INSTRUCTIONS FOR THE TASK: Without the pictures, output the records below exactly as they are.

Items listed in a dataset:
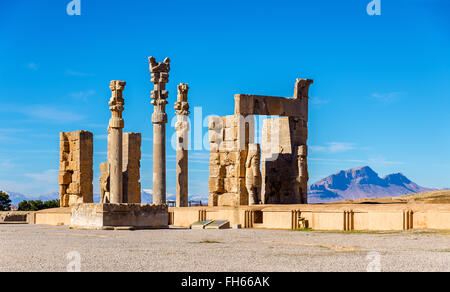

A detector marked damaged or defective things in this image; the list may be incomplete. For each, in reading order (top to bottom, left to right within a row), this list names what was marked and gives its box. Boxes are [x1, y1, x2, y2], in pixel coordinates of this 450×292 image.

broken architectural fragment [59, 130, 93, 208]
broken architectural fragment [151, 56, 172, 204]
broken architectural fragment [174, 83, 190, 208]
broken architectural fragment [208, 77, 312, 205]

SOLUTION FOR THIS TASK:
A detector marked damaged or defective things in this image; the list may be incomplete. For each, in reading order (top to bottom, left to right within a row), this list names what was marked and gives its box. Boxes are [x1, y1, x2, y2], in pixel coordinates of this 450×292 image.

broken architectural fragment [59, 130, 93, 208]
broken architectural fragment [151, 56, 172, 204]
broken architectural fragment [174, 83, 190, 208]
broken architectural fragment [208, 77, 312, 205]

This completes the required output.